PROBLEM TO WORK ON:
Reproduce only the lines below from the line containing "200 Hollycrest Drive, Pinehurst, NC 28374" to the line containing "Casa en venta", exactly as written, with both end lines kept. Omit the pictures.

MATERIAL FOR THIS TASK:
# # # # # # #
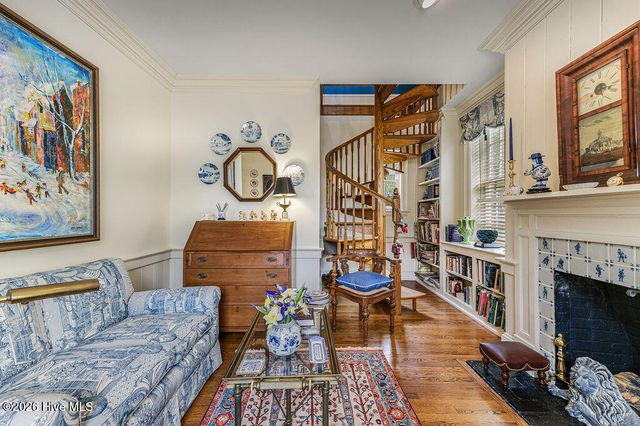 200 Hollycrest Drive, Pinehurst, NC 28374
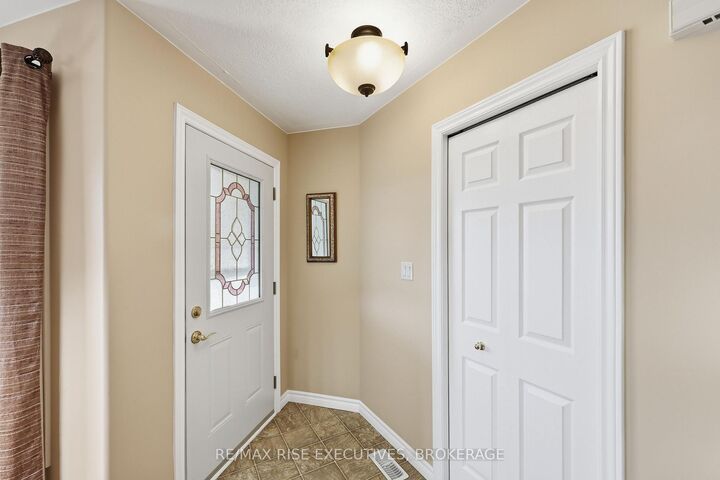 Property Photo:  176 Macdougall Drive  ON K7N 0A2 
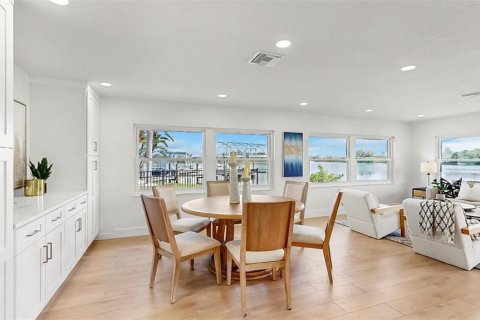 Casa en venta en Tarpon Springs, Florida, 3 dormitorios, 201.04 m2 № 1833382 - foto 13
# # # # # # #
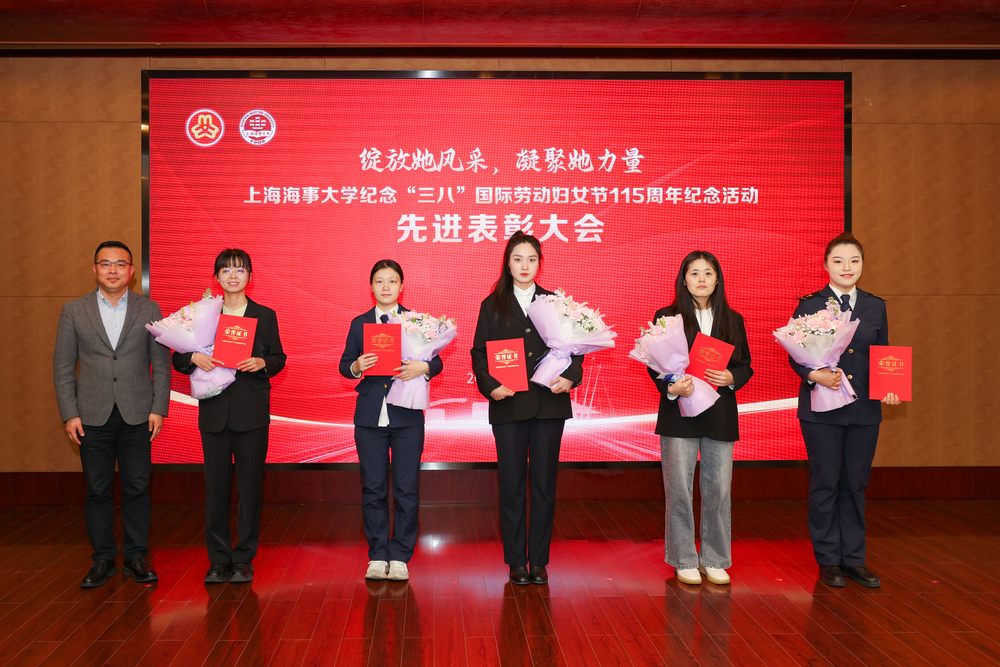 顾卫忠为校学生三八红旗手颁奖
# # # # # # #
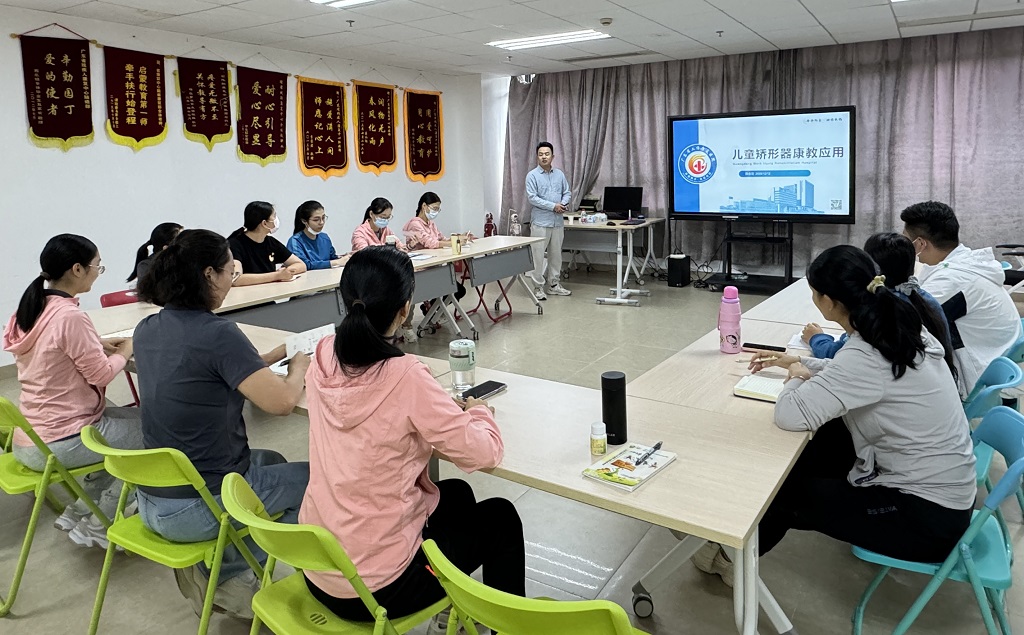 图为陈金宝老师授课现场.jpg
# # # # # # #
SOLUTION:
 200 Hollycrest Drive, Pinehurst, NC 28374
 Property Photo:  176 Macdougall Drive  ON K7N 0A2 
 Casa en venta en Tarpon Springs, Florida, 3 dormitorios, 201.04 m2 № 1833382 - foto 13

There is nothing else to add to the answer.